EFS performance modes:

General Purpose: low-latency operations (web servers, CMS).
Max I/O: high aggregate throughput (big data, media processing) -- higher latency.

Databases

Q6. When do you use RDS vs DynamoDB vs Aurora vs ElastiCache?

Service	Type	Use case	When NOT to use
RDS (MySQL/PostgreSQL)	Relational	Structured data, ACID transactions, reporting	High-scale OLTP (>100K TPS)
Aurora	Managed relational (MySQL/PG compat)	High-scale relational, global apps	Simple/small workloads (cost)
DynamoDB	NoSQL key-value/document	Single-digit ms at any scale, serverless	Complex queries, JOINs, ACID multi-table
ElastiCache (Redis)	In-memory cache	Session store, leaderboards, pub/sub, hot data	Durable primary storage
ElastiCache (Memcached)	In-memory cache	Simple key-value cache, horizontal scaling	Complex data structures, persistence
Redshift	Columnar OLAP	Data warehouse, analytics (TB-PB)	OLTP, row-level updates
DocumentDB	MongoDB-compatible	JSON documents, content management	High-volume time series
Neptune	Graph	Social graphs, fraud detection	Non-graph data

Aurora advantages over RDS:

Up to 15 read replicas (vs 5 for RDS MySQL/PG).
Automatic storage growth in 10 GB increments (no pre-provisioning).
Aurora Global Database: sub-second cross-region replication (RPO seconds, RTO < 1 minute).
Aurora Serverless v2: auto-scales from 0.5 to 128 ACUs in seconds.

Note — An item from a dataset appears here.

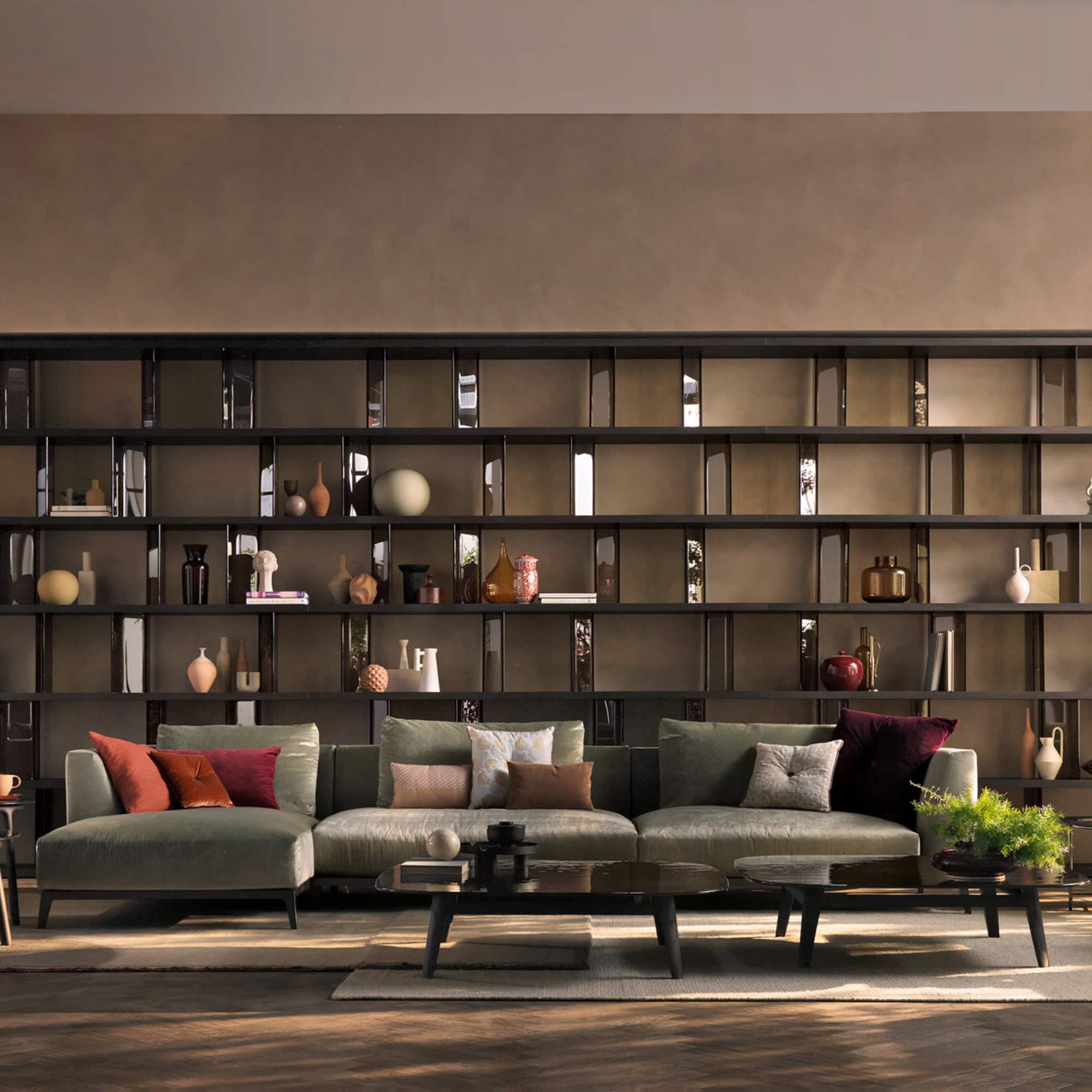 Inori Bookcase - fiam-inoribookcase-7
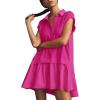 Bright Pink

Q7. How does DynamoDB achieve single-digit millisecond performance at scale?

DynamoDB architecture for scale:

1. Partition key distribution Data is distributed across partitions by hashing the partition key. Each partition handles up to 3,000 RCUs and 1,000 WCUs.

# Hot partition problem: all writes to same partition key
# BAD key: status (only "active"/"inactive" -- two partitions take all traffic)
# GOOD key: user_id (high cardinality, uniform distribution)

# For write-heavy hot keys: add random suffix
user_id = "user123"
shard_key = f"{user_id}#{random.randint(0, 9)}"  # 10 shards per user
# Read: query all 10 shards, merge results

2. Eventually consistent vs strongly consistent reads

import boto3

dynamodb = boto3.resource('dynamodb', region_name='us-east-1')
table = dynamodb.Table('Orders')

# Eventually consistent (default) -- 50% cost, may lag milliseconds
response = table.get_item(Key={'order_id': '12345'})

# Strongly consistent -- full cost, guaranteed latest data
response = table.get_item(
    Key={'order_id': '12345'},
    ConsistentRead=True
)

3. Global Secondary Indexes (GSI)

# Table: Orders (PK=user_id, SK=order_id)
# GSI: status-created_at-index (PK=status, SK=created_at)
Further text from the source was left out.